(Beginning of RECORD EXCERPTS)

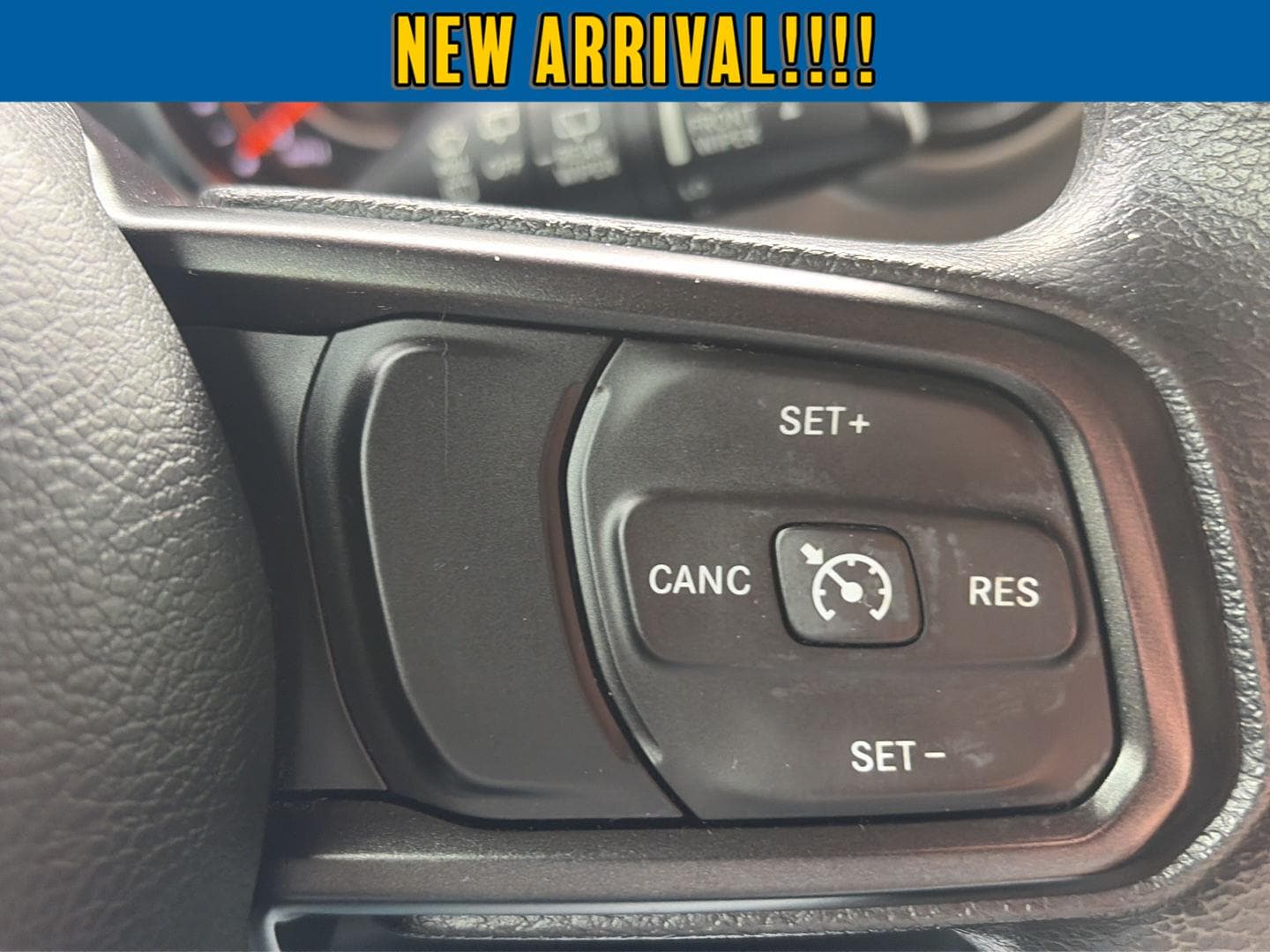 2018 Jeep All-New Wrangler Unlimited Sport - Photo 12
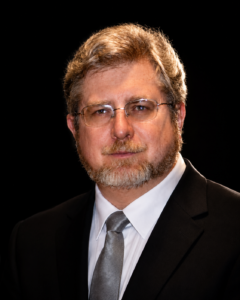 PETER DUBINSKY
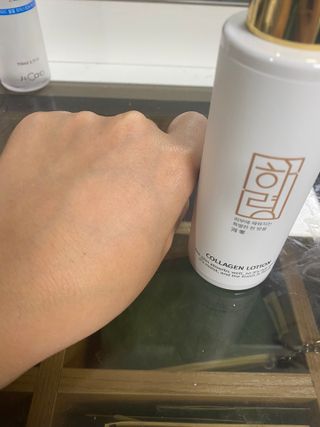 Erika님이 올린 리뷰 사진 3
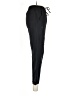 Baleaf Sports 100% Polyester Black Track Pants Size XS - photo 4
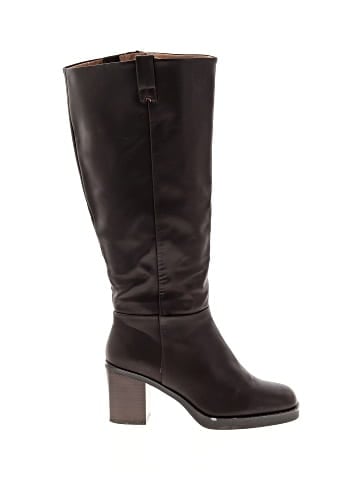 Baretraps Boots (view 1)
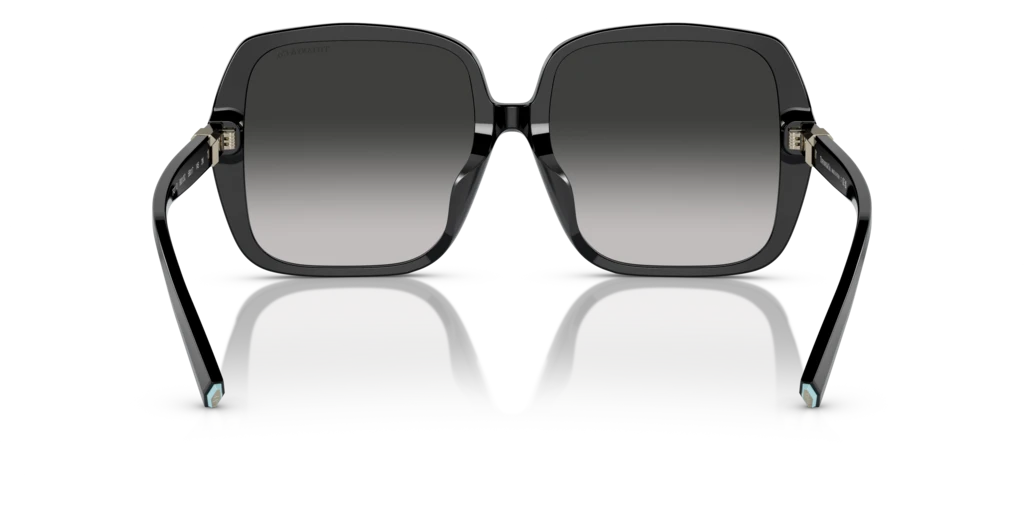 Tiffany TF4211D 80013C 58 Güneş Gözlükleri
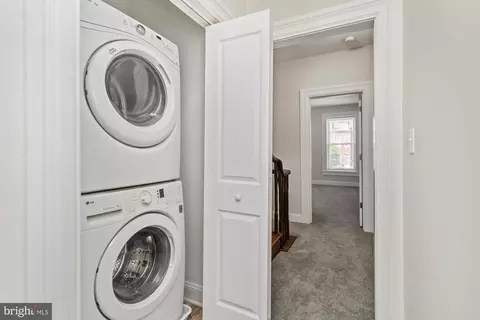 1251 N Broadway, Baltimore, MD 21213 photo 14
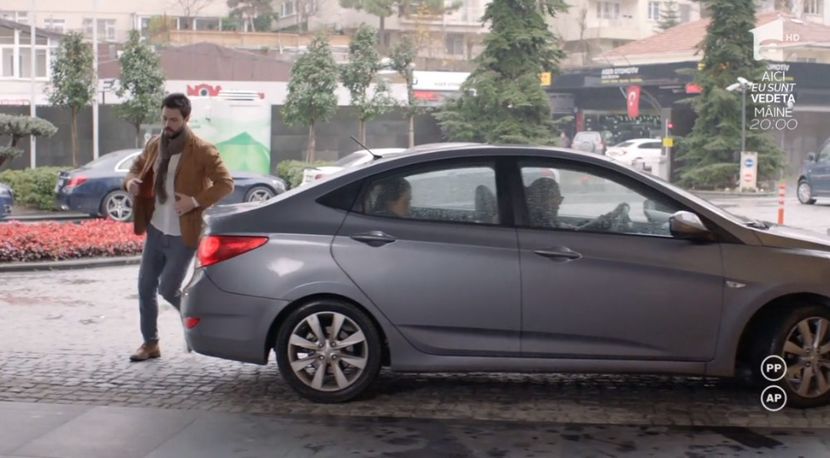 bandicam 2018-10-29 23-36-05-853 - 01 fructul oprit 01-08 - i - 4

(End of RECORD EXCERPTS)

WHAT IS EXPECTED:
Every line of the records above should be reproduced exactly, with no pictures included.

TASK RESULT:
 2018 Jeep All-New Wrangler Unlimited Sport - Photo 12
 PETER DUBINSKY
 Erika님이 올린 리뷰 사진 3
 Baleaf Sports 100% Polyester Black Track Pants Size XS - photo 4
 Baretraps Boots (view 1)
 Tiffany TF4211D 80013C 58 Güneş Gözlükleri
 1251 N Broadway, Baltimore, MD 21213 photo 14
 bandicam 2018-10-29 23-36-05-853 - 01 fructul oprit 01-08 - i - 4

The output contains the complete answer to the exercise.